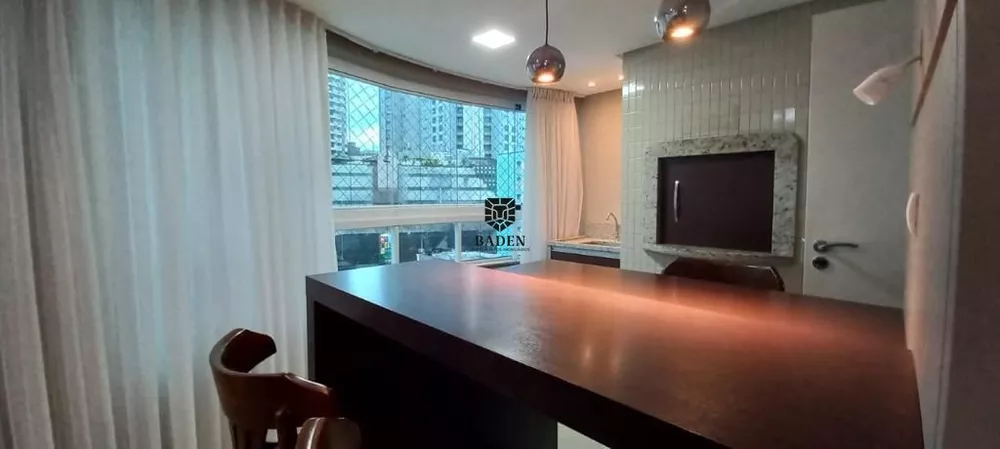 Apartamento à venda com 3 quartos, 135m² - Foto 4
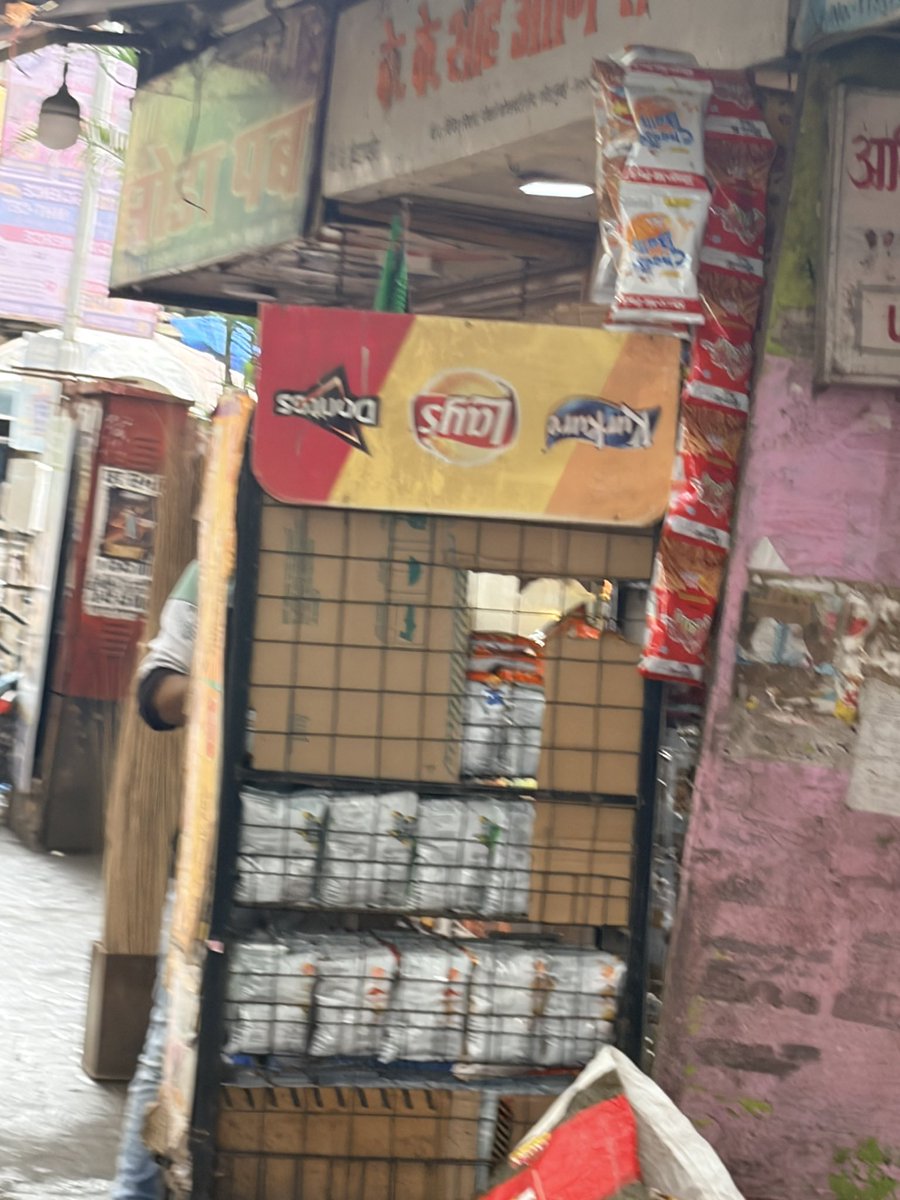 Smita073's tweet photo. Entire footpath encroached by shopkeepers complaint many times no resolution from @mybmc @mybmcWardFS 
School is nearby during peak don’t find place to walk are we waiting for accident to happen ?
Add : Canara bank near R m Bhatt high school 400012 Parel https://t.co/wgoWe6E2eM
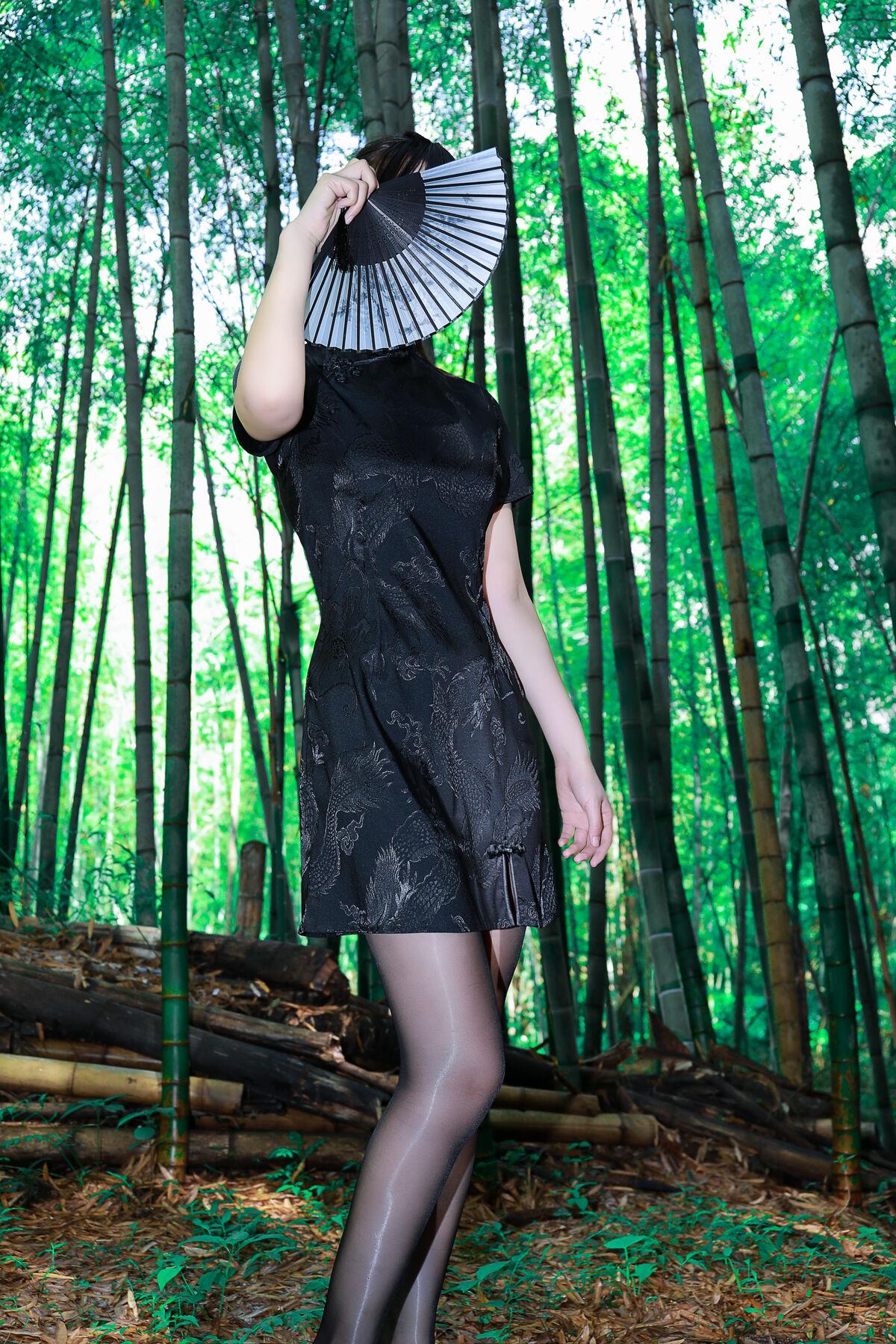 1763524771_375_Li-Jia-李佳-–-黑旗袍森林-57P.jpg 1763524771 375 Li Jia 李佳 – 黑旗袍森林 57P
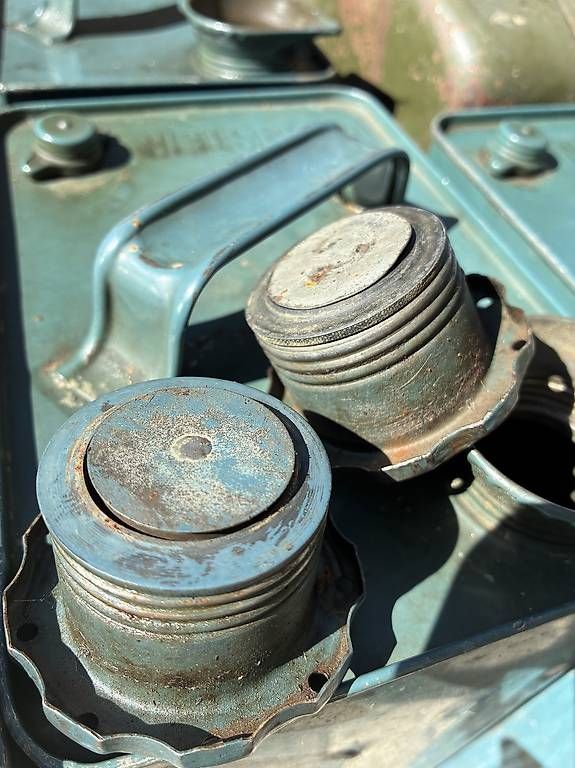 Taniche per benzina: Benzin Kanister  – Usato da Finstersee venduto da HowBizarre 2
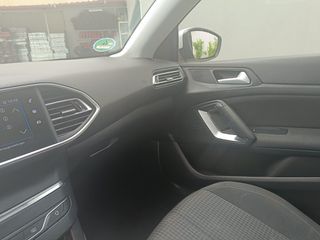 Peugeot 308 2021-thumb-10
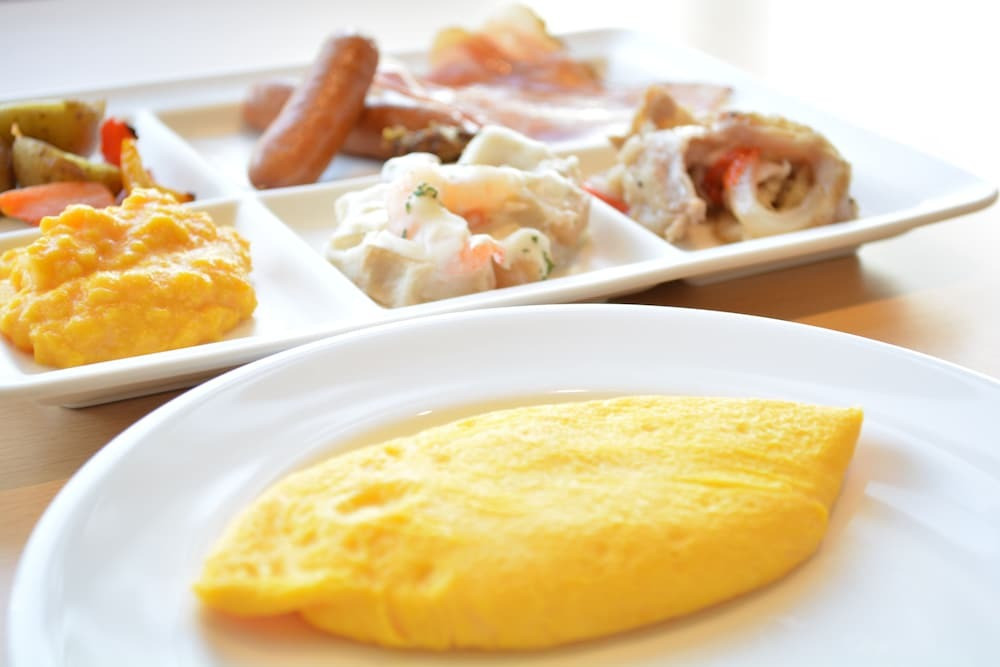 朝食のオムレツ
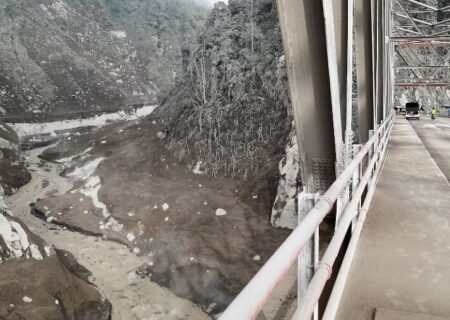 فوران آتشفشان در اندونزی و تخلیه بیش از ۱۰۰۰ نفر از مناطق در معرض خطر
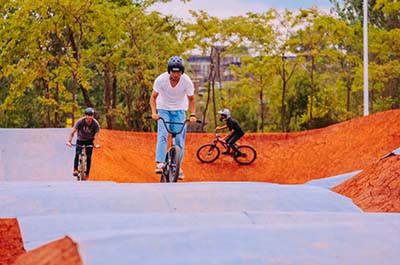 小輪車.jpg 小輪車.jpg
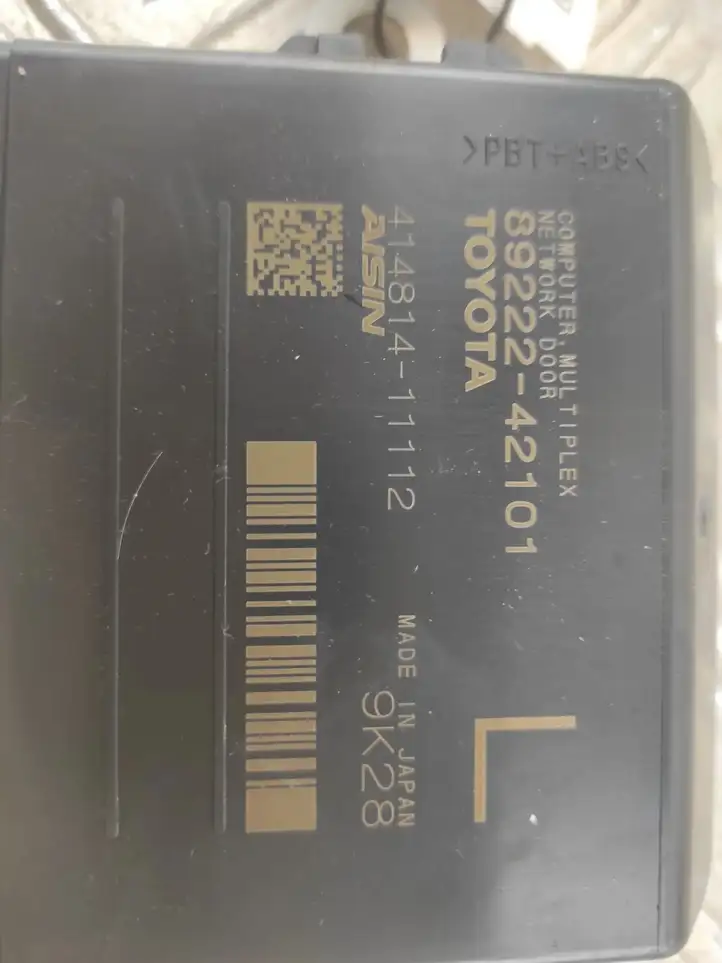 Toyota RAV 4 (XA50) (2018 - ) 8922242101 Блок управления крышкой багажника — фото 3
========================
Task directions:
Exactly the lines from the one that contains "فوران آتشفشان در" through the final line of the records above are needed, given again word for word, with every picture left out.

Answer space:
 فوران آتشفشان در اندونزی و تخلیه بیش از ۱۰۰۰ نفر از مناطق در معرض خطر
 小輪車.jpg 小輪車.jpg
 Toyota RAV 4 (XA50) (2018 - ) 8922242101 Блок управления крышкой багажника — фото 3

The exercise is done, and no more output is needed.